ACTIVITY:
Tally the lines below that contain the word "Thumbnail", and give only that number.

◆ ◆ ◆

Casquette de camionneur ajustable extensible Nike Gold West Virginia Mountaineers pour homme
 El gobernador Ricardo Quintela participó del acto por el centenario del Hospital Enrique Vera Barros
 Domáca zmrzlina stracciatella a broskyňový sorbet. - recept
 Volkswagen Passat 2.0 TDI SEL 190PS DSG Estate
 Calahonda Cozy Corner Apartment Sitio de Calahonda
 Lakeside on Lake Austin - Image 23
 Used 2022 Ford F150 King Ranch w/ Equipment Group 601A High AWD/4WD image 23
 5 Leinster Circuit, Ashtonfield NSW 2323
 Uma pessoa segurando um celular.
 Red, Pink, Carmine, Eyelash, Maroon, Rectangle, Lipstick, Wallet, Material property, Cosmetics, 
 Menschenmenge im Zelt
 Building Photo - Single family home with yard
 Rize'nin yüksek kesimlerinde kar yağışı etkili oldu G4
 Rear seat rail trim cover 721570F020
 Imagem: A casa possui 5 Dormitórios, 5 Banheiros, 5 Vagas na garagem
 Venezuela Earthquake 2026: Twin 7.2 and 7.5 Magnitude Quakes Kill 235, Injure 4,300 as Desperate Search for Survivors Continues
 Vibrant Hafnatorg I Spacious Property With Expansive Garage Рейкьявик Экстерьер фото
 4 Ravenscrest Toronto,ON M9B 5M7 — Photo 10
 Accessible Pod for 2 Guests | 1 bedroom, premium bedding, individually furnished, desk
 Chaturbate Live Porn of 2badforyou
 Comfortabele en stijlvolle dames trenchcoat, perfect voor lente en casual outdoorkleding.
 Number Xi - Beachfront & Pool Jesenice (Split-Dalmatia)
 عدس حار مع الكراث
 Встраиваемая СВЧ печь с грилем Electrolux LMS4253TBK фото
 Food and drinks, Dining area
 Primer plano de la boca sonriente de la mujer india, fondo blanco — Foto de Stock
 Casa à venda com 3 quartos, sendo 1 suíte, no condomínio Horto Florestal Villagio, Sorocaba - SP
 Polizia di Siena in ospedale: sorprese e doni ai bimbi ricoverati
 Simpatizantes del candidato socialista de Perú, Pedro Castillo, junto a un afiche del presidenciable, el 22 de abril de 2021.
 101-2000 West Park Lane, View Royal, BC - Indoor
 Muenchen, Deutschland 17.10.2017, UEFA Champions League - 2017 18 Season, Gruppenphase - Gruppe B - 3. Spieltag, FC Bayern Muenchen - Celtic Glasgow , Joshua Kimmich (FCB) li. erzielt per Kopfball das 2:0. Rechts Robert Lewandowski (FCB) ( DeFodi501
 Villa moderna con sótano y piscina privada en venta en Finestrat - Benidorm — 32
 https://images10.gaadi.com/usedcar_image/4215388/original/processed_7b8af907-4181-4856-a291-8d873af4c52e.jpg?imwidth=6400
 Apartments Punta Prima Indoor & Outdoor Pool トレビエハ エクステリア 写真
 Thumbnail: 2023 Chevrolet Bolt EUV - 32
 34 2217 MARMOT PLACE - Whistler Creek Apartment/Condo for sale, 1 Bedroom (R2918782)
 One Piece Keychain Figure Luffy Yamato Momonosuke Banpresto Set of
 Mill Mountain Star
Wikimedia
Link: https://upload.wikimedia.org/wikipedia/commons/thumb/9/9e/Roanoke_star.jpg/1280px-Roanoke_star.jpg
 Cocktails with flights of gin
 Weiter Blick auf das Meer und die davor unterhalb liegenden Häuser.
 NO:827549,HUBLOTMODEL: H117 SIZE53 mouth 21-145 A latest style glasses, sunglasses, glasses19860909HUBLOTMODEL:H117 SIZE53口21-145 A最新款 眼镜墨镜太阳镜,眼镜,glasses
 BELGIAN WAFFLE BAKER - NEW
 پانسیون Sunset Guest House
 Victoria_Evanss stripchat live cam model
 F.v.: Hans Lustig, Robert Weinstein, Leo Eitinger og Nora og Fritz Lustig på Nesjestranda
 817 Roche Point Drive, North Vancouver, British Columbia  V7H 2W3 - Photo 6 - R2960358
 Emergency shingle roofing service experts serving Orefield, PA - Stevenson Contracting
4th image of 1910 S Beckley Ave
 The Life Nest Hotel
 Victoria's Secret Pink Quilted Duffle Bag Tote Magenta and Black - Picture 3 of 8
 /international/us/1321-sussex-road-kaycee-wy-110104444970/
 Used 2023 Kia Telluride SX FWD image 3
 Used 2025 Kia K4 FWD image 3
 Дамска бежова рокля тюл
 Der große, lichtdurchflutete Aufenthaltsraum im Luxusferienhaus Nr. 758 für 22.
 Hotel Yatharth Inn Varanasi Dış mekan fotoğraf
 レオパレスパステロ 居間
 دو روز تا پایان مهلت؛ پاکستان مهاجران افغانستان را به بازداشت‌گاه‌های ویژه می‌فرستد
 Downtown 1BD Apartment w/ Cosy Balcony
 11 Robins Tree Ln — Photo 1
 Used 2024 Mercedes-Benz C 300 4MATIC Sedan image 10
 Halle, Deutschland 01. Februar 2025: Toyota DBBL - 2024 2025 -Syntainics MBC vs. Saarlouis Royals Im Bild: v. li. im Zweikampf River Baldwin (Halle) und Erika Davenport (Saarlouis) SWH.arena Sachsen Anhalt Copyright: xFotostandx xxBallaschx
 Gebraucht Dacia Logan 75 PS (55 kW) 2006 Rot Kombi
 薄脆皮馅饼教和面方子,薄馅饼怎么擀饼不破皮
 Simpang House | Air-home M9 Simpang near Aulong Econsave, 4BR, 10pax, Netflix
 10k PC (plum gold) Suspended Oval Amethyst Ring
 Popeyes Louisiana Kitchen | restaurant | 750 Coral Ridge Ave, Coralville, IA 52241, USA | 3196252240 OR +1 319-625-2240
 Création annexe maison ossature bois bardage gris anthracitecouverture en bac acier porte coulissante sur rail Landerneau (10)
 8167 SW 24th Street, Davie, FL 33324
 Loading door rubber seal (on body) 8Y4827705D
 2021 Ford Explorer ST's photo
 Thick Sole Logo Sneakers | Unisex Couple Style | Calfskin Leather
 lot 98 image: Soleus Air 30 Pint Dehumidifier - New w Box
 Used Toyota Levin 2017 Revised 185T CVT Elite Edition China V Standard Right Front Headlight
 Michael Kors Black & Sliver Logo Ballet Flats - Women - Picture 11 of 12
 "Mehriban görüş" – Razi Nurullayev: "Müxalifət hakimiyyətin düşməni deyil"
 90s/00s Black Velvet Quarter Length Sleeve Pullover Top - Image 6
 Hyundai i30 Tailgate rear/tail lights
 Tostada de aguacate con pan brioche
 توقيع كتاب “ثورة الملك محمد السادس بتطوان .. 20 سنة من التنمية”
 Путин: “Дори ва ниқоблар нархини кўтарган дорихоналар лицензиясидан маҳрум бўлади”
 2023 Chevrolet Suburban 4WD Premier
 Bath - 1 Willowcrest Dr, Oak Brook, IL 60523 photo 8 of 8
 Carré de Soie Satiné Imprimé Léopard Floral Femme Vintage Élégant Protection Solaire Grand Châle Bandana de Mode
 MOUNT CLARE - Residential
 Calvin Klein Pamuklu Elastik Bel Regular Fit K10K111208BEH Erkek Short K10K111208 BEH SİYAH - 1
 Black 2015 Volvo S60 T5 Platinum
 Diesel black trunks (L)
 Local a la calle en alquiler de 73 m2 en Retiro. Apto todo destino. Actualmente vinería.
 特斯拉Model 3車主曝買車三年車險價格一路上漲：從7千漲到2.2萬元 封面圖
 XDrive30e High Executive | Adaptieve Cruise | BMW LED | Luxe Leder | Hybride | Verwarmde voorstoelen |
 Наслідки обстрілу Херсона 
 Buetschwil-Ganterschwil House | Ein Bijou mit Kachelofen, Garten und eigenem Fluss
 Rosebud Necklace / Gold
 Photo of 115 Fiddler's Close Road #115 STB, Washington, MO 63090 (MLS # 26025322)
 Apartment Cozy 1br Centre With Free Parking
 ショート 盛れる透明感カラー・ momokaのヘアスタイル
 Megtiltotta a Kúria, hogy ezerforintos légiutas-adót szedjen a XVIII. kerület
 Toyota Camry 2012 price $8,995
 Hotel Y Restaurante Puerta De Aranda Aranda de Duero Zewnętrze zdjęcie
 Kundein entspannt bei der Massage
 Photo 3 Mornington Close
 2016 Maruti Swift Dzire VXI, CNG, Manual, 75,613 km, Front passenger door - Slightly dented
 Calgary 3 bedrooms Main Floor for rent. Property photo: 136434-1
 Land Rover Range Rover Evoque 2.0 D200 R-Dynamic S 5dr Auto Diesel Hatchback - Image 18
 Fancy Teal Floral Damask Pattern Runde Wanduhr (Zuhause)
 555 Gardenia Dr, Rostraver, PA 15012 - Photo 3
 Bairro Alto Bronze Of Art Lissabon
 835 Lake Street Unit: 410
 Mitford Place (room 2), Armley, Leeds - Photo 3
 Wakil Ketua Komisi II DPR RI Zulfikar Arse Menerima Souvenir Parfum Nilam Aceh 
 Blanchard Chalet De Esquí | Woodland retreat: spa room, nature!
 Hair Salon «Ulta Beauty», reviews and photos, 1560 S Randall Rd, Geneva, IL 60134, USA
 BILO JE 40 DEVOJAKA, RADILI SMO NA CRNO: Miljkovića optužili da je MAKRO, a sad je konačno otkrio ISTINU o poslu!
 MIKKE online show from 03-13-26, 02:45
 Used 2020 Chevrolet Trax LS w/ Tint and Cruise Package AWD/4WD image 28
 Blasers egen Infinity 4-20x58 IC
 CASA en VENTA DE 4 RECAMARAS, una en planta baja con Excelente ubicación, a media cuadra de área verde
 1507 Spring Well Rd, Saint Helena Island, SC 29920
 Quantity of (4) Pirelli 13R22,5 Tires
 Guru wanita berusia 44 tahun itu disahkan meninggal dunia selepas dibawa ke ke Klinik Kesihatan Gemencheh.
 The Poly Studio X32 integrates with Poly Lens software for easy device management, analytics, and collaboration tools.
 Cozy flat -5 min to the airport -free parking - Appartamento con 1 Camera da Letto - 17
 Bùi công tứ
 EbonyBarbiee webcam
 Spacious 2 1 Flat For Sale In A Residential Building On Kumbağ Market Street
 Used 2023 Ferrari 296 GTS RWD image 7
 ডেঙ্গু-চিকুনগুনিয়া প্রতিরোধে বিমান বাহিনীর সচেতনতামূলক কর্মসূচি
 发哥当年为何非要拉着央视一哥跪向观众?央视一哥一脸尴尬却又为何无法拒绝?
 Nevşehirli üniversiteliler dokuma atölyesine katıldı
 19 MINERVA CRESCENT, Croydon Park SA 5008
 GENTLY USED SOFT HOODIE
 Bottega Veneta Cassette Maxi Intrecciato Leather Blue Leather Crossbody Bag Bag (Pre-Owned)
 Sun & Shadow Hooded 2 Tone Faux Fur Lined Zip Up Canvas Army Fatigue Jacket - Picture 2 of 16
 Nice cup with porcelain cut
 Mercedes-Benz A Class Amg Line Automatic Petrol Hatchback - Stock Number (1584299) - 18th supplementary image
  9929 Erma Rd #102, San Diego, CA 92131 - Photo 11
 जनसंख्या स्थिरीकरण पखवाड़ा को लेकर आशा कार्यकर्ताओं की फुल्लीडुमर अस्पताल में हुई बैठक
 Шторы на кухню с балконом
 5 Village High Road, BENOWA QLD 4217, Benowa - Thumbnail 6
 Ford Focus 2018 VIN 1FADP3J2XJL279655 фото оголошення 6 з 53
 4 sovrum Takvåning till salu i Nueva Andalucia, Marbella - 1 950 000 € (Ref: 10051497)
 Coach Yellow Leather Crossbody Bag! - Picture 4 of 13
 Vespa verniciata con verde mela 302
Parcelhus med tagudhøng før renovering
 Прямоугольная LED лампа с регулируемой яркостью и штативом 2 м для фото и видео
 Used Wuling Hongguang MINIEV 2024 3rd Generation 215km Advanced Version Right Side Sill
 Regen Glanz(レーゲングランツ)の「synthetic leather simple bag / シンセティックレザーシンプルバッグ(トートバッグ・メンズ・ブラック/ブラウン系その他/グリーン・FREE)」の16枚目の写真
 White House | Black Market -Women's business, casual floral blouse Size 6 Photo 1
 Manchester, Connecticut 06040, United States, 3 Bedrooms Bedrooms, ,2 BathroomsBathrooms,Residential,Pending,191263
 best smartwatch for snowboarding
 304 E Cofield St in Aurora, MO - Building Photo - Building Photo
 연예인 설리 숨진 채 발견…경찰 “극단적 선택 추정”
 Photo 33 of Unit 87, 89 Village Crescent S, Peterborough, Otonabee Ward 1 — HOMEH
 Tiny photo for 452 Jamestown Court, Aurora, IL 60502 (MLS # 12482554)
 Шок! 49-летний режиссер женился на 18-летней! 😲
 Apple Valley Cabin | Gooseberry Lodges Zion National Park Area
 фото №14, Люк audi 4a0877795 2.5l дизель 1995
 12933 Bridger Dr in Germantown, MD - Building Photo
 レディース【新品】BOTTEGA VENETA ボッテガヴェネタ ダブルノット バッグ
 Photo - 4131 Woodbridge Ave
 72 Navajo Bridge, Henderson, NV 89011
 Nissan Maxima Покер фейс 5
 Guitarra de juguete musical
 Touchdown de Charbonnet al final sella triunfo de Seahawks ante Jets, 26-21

◆ ◆ ◆

ANSWER BELOW:
2